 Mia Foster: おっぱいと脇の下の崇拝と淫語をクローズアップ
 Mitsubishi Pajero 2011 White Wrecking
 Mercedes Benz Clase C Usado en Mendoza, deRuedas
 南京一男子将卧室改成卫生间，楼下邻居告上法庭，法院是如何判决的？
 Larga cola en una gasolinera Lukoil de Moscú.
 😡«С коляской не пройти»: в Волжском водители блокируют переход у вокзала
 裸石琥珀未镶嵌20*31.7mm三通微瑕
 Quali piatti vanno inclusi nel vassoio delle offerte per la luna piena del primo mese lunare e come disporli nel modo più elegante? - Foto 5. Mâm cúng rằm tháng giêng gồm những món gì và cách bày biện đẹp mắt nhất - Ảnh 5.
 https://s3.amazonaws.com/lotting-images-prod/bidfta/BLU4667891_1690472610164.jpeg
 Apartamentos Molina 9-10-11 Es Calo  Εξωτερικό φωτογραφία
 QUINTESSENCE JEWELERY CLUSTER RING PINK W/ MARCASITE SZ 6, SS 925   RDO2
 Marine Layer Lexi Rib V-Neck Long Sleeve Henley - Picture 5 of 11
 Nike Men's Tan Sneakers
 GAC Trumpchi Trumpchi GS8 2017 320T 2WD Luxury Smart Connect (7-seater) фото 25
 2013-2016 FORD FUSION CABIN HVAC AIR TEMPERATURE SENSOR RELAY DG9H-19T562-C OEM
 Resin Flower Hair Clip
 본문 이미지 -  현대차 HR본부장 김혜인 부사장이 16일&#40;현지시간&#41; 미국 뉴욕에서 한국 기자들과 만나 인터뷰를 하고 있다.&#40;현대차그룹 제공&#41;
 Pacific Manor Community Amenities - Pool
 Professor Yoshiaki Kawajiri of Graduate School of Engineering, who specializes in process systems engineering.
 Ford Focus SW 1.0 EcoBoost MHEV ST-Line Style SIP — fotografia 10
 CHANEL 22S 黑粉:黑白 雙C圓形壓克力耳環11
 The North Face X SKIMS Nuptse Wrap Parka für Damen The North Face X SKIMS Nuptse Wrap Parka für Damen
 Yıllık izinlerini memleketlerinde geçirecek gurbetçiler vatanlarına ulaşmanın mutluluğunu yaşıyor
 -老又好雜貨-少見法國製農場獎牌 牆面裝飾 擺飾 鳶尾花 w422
════════
• _Aim of the task_
Give back exactly the lines starting at the one with "Nike Men's Tan Sneakers" and running to the end of the listing. Include both ends.

• _Task answer_
 Nike Men's Tan Sneakers
 GAC Trumpchi Trumpchi GS8 2017 320T 2WD Luxury Smart Connect (7-seater) фото 25
 2013-2016 FORD FUSION CABIN HVAC AIR TEMPERATURE SENSOR RELAY DG9H-19T562-C OEM
 Resin Flower Hair Clip
 본문 이미지 -  현대차 HR본부장 김혜인 부사장이 16일&#40;현지시간&#41; 미국 뉴욕에서 한국 기자들과 만나 인터뷰를 하고 있다.&#40;현대차그룹 제공&#41;
 Pacific Manor Community Amenities - Pool
 Professor Yoshiaki Kawajiri of Graduate School of Engineering, who specializes in process systems engineering.
 Ford Focus SW 1.0 EcoBoost MHEV ST-Line Style SIP — fotografia 10
 CHANEL 22S 黑粉:黑白 雙C圓形壓克力耳環11
 The North Face X SKIMS Nuptse Wrap Parka für Damen The North Face X SKIMS Nuptse Wrap Parka für Damen
 Yıllık izinlerini memleketlerinde geçirecek gurbetçiler vatanlarına ulaşmanın mutluluğunu yaşıyor
 -老又好雜貨-少見法國製農場獎牌 牆面裝飾 擺飾 鳶尾花 w422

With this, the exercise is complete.